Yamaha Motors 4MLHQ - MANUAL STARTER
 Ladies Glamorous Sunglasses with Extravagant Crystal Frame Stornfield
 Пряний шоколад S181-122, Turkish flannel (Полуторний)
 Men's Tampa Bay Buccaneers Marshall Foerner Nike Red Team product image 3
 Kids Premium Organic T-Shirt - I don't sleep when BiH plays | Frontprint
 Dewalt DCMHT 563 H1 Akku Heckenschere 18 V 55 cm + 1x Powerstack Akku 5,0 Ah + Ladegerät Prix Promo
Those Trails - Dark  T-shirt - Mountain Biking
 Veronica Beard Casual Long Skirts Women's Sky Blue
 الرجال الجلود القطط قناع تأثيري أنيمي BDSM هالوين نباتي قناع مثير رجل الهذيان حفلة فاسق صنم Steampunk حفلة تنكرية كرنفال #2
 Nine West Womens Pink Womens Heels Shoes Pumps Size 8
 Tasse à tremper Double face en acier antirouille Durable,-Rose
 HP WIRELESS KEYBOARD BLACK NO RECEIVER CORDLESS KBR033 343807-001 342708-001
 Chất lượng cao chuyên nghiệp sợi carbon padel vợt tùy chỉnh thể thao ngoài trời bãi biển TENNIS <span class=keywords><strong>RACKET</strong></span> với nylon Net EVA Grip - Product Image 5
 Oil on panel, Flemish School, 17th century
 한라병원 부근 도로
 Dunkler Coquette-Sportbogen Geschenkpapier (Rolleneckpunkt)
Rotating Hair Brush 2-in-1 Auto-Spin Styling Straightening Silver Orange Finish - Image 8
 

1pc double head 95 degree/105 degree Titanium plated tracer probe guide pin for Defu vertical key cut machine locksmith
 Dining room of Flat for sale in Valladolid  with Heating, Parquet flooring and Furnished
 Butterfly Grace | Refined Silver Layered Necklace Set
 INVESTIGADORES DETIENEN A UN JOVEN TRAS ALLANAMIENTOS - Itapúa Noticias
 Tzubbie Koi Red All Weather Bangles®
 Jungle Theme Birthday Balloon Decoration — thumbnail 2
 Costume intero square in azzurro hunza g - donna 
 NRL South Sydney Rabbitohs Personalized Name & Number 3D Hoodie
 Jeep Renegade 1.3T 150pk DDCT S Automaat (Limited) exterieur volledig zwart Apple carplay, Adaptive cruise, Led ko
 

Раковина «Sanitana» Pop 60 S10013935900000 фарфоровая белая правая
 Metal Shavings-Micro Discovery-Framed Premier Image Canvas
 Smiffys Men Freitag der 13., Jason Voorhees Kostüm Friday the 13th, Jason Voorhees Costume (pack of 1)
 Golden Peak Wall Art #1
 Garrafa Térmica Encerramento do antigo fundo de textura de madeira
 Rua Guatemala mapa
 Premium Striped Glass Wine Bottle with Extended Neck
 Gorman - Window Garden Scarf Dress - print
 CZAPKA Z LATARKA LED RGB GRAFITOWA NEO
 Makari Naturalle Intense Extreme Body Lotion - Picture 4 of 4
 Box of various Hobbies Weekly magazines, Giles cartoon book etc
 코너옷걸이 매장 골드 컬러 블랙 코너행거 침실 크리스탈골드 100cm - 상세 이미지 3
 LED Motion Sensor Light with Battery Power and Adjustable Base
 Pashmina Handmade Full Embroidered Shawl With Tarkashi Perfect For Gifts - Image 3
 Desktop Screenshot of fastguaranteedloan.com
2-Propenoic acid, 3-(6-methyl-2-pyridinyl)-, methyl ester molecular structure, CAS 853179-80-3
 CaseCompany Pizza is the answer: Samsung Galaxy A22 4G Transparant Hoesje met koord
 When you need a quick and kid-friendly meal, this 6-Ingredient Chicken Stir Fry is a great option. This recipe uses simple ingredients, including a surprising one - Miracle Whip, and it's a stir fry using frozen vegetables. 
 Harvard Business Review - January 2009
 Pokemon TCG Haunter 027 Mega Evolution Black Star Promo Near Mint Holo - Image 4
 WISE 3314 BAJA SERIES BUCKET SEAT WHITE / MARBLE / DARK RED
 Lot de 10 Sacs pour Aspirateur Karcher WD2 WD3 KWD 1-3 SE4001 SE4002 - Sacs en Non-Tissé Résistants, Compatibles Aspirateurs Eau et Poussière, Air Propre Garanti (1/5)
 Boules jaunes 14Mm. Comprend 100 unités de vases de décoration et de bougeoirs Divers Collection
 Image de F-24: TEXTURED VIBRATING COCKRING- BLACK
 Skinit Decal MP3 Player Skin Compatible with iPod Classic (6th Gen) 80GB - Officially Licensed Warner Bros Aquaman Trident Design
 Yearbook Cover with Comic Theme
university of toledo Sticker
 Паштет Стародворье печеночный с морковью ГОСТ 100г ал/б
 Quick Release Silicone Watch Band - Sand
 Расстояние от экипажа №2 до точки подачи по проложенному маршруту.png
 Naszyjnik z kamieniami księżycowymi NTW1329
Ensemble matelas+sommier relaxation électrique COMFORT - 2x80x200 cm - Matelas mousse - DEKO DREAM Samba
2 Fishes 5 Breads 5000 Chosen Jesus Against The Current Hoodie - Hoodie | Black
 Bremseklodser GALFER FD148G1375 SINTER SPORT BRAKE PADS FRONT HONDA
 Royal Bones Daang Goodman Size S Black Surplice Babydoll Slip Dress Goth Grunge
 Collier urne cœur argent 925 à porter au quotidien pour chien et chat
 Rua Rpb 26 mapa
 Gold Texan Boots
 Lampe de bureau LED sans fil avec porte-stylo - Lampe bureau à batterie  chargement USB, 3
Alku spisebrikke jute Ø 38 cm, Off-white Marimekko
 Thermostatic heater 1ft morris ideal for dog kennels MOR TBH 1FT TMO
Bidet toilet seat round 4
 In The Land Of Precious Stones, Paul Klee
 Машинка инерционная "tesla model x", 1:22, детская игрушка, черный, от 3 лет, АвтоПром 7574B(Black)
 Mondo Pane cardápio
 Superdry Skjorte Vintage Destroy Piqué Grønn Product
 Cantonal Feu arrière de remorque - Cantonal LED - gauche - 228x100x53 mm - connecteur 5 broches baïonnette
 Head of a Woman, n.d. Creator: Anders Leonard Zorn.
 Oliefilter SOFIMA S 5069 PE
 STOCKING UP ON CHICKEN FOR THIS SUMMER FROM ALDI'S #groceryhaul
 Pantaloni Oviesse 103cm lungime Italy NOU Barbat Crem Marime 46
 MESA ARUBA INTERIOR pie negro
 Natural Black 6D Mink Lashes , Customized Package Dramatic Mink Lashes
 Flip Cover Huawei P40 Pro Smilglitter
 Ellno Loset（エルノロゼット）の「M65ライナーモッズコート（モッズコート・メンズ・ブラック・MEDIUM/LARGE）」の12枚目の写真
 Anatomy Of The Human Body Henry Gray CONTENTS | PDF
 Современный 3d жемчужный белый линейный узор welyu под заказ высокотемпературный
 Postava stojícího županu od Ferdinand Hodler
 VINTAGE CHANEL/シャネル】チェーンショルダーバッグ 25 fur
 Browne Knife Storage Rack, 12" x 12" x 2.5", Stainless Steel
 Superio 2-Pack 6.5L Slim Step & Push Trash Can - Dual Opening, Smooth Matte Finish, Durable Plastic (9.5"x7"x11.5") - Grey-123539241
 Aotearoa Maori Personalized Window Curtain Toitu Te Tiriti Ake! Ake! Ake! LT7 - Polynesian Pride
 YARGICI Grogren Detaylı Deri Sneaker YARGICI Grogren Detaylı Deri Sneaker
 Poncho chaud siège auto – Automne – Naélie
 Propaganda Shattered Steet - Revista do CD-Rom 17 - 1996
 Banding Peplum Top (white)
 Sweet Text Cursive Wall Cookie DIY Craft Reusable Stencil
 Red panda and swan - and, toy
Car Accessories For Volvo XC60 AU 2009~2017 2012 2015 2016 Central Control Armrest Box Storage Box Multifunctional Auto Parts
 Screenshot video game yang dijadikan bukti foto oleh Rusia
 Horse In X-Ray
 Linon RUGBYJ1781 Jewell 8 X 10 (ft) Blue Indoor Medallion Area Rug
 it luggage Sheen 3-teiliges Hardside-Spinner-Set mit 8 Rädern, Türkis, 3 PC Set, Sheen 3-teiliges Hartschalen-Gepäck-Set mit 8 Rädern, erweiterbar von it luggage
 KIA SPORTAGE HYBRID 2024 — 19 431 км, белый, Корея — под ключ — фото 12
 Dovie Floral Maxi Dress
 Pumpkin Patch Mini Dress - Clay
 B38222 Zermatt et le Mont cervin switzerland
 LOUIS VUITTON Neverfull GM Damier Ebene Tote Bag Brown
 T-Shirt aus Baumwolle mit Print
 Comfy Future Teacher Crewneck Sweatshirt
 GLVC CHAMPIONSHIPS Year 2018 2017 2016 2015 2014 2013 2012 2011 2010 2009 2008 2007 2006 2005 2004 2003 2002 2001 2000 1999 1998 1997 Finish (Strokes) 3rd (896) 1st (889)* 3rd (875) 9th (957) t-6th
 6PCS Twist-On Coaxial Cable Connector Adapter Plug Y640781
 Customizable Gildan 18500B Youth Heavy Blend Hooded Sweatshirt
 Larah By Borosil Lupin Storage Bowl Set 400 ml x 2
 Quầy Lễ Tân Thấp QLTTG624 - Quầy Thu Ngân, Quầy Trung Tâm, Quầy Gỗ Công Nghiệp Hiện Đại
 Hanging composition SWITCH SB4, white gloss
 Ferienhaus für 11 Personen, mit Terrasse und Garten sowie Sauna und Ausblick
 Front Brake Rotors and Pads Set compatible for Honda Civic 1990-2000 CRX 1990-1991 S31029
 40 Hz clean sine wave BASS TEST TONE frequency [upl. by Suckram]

##############################

▶ Task details:
Copy, exactly and only, the lines above that begin with the one containing "Browne Knife Storage" and finish with the one containing "YARGICI Grogren Detaylı Deri Sneaker YARGICI".

▶ Written response:
 Browne Knife Storage Rack, 12" x 12" x 2.5", Stainless Steel
 Superio 2-Pack 6.5L Slim Step & Push Trash Can - Dual Opening, Smooth Matte Finish, Durable Plastic (9.5"x7"x11.5") - Grey-123539241
 Aotearoa Maori Personalized Window Curtain Toitu Te Tiriti Ake! Ake! Ake! LT7 - Polynesian Pride
 YARGICI Grogren Detaylı Deri Sneaker YARGICI Grogren Detaylı Deri Sneaker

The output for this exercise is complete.